Ce matin, monsieur Ndiaye est venu à la maison. J'ai tout de suite su que c'était pour quelque chose d'important, parce qu'il avait son uniforme. Il est venu nous dire aurevoir. Il s'en va en Thaïlande. Apparemment, Djazil y serait allé après son départ de la maison. Lotus est d'origine thaïlandaise et il serait affilié à un trafic là-bas. Ils ont trouvé des preuves mais en ont besoin de plus. Les autorités thaïlandaises leur ont donné l'autorisation pour enquêter sur leur sol. S'il ne s'agissait pas de mon frère, j'aurais éclaté de rire tellement cette histoire prend la tournure d'un thriller Netflix.

Je prie pour qu'ils trouvent quelque chose de concret.

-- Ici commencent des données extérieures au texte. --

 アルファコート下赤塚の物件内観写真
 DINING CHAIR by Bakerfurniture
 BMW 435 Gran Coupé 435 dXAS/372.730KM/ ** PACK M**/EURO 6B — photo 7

J'ai appris à prier. Ce que j'ai ressenti la première fois que j'ai posé mon front au sol, jamais je ne l'oublierai. Je me suis sentie lavée de tout péché, prête à tout recommencer. La foi, finalement, c'est une expérience métaphysique ineffable. Les mots sont trop vulgaires pour tenter de la traduire. C'est peut-être la première fois que je n'ai pas su trouver les mots pour rendre compte de la force du moment, la force des émotions qui m'ont élevée ce jour-là. Peut-être n'a-t-il duré qu'une fraction de seconde, peut-être plus, je ne sais pas. Peu importe. Une seconde de magie si puissante qu'elle suffit à croire pour le reste de toute une vie. « Dieu ne se prouve pas, il s'éprouve. » J'ai alors compris pourquoi « Dieu éprouve ceux qu'Il aime. » Alors, cinq fois par jour, je me place devant mon petit tapis bleu, mon petit carnet de notes à côté pour suivre chaque mouvement de la prière. Je ne maîtrise pas encore très bien toutes les étapes et, parfois, je bafouille. Je n'ai pas encore dit à mes parents que j'avais commencé la prière. Je veux que ce cheminement vers Dieu reste intime, secret, pour préserver sa préciosité. Même si mes parents prient, eux aussi, j'ai peur de ce qu'ils diraient en apprenant ça. Ils ne se sont pas mis à la prière au même âge que moi, mais plus tard. Lorsque j'ai parlé d'éventuellement apprendre la prière à ma mère, elle a pris un peu peur. Avec tout ce qu'il se passe en ce moment, je peux la comprendre. J'essaye de la comprendre. Mais nous sommes musulmans. Elles ne devraient pas s'inquiéter. C'est dans l'ordre des choses de prier, de remercier Dieu pour ce qu'Il est, tout simplement. De toute façon, depuis les attentats, les musulmans semblent raser les murs. Et pourtant, on n'a pas à s'excuser des crimes commis par d'autres. Ce serait, à demi-mots, avouer qu'on est, quand même un peu, affiliés aux terroristes. Moi, je ne me sens même pas concernée par tous ces débats. Je suis musulmane, et point barre. Ce n'est pas à moi de me justifier mais à ceux qui osent stigmatiser toute une communauté de s'éduquer. La dernière fois, le prof d'histoire nous a carrément demandé ce qu'on pensait des attentats... Est-ce que moi je demande aux chrétiens ce qu'ils pensent de la pédophilie dans les églises ? Non. Les musulmans de mon entourage ont mille autres problèmes que ceux de devoir gérer une crise terroriste sur un territoire qui les respecte à peine.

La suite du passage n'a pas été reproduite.